Next phase: It is important to understand that because of our, for lack of a better word, ‘elitist’ tendencies. Misunderstandings are bound to occur, or are inevitable. As much as we are alike with the people of the world, we also must recognize and tolerate the differences.
During one of our scheduled lectures on Sufism, the professor giving the lecture would communicate in Arabic, then a man would translate in English of course. At one point while the translator was speaking, the professor received a phone call, which interrupted the lecture, and much to our surprise, the professor answered the call and had a quick 30-second conversation (as the translator continued to speak to us, as if nothing had interrupted the lecture) then hung up.
Now this would never occur in the US and probably most other countries I would assume. We in the US have cell phones off in these types of settings (most of the time), and would never imagine such an action to occur at a lecture, especially by the professor. We’ve developed a protocol over the years.
I think I may have been the only one who thought this was hilarious. I’ve seen this plenty of times. A friend of mine did Peace Corps in Ghana, myself, I served in Niger, both countries in West Africa. In both countries, what happened with the professor here at the University in Fes, Morocco, is very common in the 2 countries previously mentioned. It is also very common for professionals and even figureheads to be late at their own scheduled meetings!!!
A part of me appreciates this break from punctuality. I like that things are so relaxed within the culture that we get to enjoy time rather than live for time. Things are so rigid in the US, which I understand, but like I said, I can see and appreciate both sides.
After the lecture some of my fellow Fulbrighters talked about how they felt disrespected that the professor had answered his phone.
This is NOT disrespectful, just a cultural difference. That type of phone protocol has yet to be established in places like Ghana, Niger, and apparently Morocco. If the professor thought he had disrespected someone, he would have apologized. Plus the fact that the translator did not stop and kept going on as if nothing happened, that in itself should be an indicator of the normality of the situation. There are far worse situations of disrespect that deserve attention, and this is not one of them.
Also, I was vindicated a few days later, when THEE University top head was giving his formal thank you and farewell speech, and all of a sudden, his phone rang, and he did not hesitate to answer… it happened again! Hopefully other Fulbrighters saw this and said, “Hey it’s not that big a deal or disrespectful after all.”
Lastly, I hope that are flaws do not hinder our experience or the communication we hope to start up with the rest of you back in the US once we get home. Many of us came to Morocco with very ambitious goals particularly regarding the Arabic language. I really hope none of us go back to the US and come off as experts on Morocco.

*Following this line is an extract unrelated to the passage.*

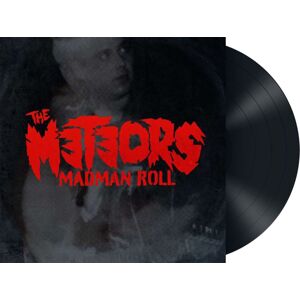 The Meteors Madman roll LP černá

The reality is that Morocco is just as complex, complicated, and rich as the rest of the nations of this Earth. There are no black and white answers to many topics, heated and controversial issues are hard to propel to the national level (in terms of bringing them up for debate). Similar to the US right? We have many issues in our country, like the state of education, health care, immigration, etc… that will never be debated and/or resolved. And those are current issues; we have not mentioned the old ones or the history of some of America’s problems.
Well, Morocco is very much the same way…
Imagine taking 13-14 Moroccans, and sending them to the U.S. for 5 weeks (with ZERO English). Now would you expect those Moroccans to know the 300 years of US history? Obviously NO, but at least they were exposed to our country and they learned some things that will hopefully inspire them to maybe research a particular topic that really fascinated them about American culture or politics. Hopefully those Moroccans go back with solid general ideas and a better understanding of that particular region of the world. Guess what people, that is us, right here, right now. Hopefully. we go back to America with a good grasp on Moroccan issues, but by no means are we experts.